2. Vice-Presidente (Vice). Homem “cinza”, 50 anos. Mais baixo que Ultra. Trajes anódinos. Rosto impassível.

3. Diretora de segurança (Dire). Mulher branca, 60 anos. Aparenta estar desanimada. Roupa convencional.

4. Auditora externa (Audi). Mulher preta, 40 anos. Ar sério e preocupado. Trajes formais, cabelo encaracolado. Está sempre segurando folhas de papel nas mãos.

5. Representante dos acionistas (Database). Mulher branca, 40 anos. Alta, magra. Trajes de moda, cabelo curto, produzido. Olhar severo, gestos nervosos. Sempre com um celular na mão.

6. Ministro (Mini). Homem branco, 40 anos. Estatura média. Terno sem gravata, aparência descolada.

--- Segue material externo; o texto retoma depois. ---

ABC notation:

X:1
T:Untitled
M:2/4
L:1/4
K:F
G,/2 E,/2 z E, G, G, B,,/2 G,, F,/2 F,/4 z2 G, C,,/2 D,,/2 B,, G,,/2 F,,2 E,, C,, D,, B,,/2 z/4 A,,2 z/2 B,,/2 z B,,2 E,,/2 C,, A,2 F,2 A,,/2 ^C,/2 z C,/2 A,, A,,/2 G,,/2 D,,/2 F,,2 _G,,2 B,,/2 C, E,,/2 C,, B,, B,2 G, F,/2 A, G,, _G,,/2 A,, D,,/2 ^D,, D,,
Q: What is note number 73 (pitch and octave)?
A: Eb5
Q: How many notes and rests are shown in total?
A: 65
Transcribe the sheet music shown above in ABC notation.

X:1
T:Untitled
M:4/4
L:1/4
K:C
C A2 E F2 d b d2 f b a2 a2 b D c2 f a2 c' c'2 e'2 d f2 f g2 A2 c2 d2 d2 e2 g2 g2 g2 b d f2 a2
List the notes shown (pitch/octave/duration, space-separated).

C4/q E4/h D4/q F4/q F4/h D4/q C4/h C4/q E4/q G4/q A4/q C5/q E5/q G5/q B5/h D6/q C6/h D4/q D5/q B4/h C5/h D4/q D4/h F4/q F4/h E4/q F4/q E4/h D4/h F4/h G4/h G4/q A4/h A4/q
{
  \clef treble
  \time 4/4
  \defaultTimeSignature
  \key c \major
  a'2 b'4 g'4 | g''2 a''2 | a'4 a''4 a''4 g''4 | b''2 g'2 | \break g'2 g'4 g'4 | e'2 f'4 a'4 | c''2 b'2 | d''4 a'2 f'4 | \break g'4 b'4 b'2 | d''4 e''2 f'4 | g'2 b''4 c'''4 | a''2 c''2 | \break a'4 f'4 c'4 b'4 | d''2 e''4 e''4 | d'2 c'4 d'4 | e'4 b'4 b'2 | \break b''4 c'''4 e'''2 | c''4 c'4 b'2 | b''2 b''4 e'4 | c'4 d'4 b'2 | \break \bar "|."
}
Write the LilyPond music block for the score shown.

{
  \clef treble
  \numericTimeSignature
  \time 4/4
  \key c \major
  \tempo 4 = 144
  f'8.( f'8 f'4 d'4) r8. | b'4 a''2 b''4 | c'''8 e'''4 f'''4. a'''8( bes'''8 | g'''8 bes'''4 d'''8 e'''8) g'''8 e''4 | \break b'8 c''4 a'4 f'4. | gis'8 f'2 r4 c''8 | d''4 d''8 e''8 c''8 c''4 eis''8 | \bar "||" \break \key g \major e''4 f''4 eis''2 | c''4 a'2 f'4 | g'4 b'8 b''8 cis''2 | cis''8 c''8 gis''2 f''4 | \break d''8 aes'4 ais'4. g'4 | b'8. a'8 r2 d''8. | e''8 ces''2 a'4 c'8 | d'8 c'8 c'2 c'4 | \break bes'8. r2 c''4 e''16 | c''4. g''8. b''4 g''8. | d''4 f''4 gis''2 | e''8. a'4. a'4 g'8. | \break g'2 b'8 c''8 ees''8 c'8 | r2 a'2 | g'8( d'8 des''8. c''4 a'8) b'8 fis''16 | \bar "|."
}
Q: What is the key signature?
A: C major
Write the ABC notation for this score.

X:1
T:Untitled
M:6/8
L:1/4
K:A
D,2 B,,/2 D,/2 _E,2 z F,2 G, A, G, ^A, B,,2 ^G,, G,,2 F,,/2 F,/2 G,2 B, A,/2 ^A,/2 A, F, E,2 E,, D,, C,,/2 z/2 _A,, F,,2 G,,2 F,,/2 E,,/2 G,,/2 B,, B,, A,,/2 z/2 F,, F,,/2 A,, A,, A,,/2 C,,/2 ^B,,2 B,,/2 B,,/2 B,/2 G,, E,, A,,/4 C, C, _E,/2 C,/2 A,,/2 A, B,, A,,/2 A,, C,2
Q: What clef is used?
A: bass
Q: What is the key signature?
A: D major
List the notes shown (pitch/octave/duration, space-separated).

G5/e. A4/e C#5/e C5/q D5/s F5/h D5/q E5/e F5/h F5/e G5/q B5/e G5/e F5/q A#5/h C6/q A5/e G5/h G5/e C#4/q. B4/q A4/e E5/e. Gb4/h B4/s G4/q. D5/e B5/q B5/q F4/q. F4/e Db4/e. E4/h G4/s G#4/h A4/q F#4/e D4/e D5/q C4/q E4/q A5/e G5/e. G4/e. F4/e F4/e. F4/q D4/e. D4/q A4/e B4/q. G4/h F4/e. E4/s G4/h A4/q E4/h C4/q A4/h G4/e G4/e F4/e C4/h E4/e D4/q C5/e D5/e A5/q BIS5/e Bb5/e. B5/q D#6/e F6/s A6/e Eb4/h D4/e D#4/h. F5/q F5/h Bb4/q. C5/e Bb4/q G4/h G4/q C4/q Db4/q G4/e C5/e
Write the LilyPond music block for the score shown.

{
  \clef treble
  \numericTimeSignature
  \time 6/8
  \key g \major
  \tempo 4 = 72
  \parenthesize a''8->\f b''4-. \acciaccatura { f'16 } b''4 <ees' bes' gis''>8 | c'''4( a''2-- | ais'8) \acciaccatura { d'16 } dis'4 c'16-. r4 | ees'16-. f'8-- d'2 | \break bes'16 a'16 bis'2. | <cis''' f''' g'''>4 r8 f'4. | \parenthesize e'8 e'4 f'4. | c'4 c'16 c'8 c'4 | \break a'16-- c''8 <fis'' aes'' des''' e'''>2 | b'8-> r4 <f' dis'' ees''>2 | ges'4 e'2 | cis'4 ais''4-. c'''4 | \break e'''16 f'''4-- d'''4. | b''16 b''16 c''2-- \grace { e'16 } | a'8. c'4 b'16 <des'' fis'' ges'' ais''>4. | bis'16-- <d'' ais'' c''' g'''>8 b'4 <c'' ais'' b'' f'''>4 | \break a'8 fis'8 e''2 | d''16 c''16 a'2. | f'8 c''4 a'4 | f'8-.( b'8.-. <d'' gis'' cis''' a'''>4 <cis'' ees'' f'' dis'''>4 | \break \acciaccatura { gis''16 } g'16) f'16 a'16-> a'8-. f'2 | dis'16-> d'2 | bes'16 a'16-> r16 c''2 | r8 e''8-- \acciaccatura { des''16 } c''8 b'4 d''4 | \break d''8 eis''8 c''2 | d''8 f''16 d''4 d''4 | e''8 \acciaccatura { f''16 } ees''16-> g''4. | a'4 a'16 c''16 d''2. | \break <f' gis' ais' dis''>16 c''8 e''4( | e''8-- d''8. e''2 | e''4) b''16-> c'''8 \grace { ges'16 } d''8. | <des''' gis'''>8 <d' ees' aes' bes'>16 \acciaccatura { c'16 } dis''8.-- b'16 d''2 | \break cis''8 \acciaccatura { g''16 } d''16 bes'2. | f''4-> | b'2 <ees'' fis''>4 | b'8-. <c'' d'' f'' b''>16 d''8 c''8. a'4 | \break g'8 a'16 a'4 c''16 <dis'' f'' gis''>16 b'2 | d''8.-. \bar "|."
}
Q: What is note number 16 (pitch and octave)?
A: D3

7. Copeiro. Latino. Uniforme desbotado. Cabelo um pouco comprido. Não fala uma palavra sequer.




Ultra:
— Como sempre, tudo está resolvido. Podem sair. Vamos retomar no próximo mês. As perguntas ficarão para depois. Saiam logo e deixem os dossiês sobre a mesa.



Ultra:
— Inúteis, bando de inúteis. Ficaram sentados a tarde toda dando palpites. Ninguém traz um assunto relevante. Se não fosse eu, essa empresa já tinha ido para o espaço. Secretária! SECRETÁRIA! Não é possível! Já saiu todo o mundo?



Ultra:
— Outro sem serventia. Vice-presidente! Ué, ainda aqui? Entra e fecha a porta. Senta. Não na minha cadeira! Tu nem precisava estar presente para acompanhar a reunião. Com esse tipo de gente insignificante, eu acabo decidindo tudo sozinha. Representante do pessoal: um intrometido. Representante do ministério: um tonto indicado pelo senador. Responsável pela Imagem e Redes Sociais: uma convencida. Mais dois que nem sei quem são. Eles me fazem perder tempo com avaliações e palpites de jirico. A totalidade das sugestões não serve pra nada.

Vice-presidente (Vice):
— A senhora está cansada de saber, o Conselho de Administração representa um olhar externo. Se algo está errado, eles avisam. Se está tudo certo, o mérito é teu.

Ultra:
— Claro que está tudo certo. Há cinco anos que está tudo certo e vai continuar dando certo pelos próximos cinco. É só ter ordem e método. Ordem e disciplina. E gente que obedece… que tem que obedecer. É sexta-feira, vou assinar aqueles papéis na segunda. Até lá não entrem em contato comigo. Sim, sei que isso é com a minha secretária. Estamos sem sinal para os celulares. Aquela néscia não desligou o bloqueador. Vou ter que refazer as rotinas administrativas. Onde já se viu todo o staff sair antes de mim? Já perdi a partida de tênis e tenho um jantar importante na casa do embaixador. Jantar imperdível, com cada comida! Estamos negociando sistemas de aquecimento e de resfriamento. Vai, desembucha

Vice:
— A Diretora de segurança está tentando falar contigo desde hoje de manhã. Ligou umas dez vezes e, agora, está te esperando aí fora, acompanhada por uma outra mulher. Já conversei com elas. O assunto é grave.

Ultra:
— Tudo é urgente e preocupante para a Dire. Eu estou atrasada para meu compromisso. Manda ela entrar sozinha e avisa que tenho cinco minutos disponíveis.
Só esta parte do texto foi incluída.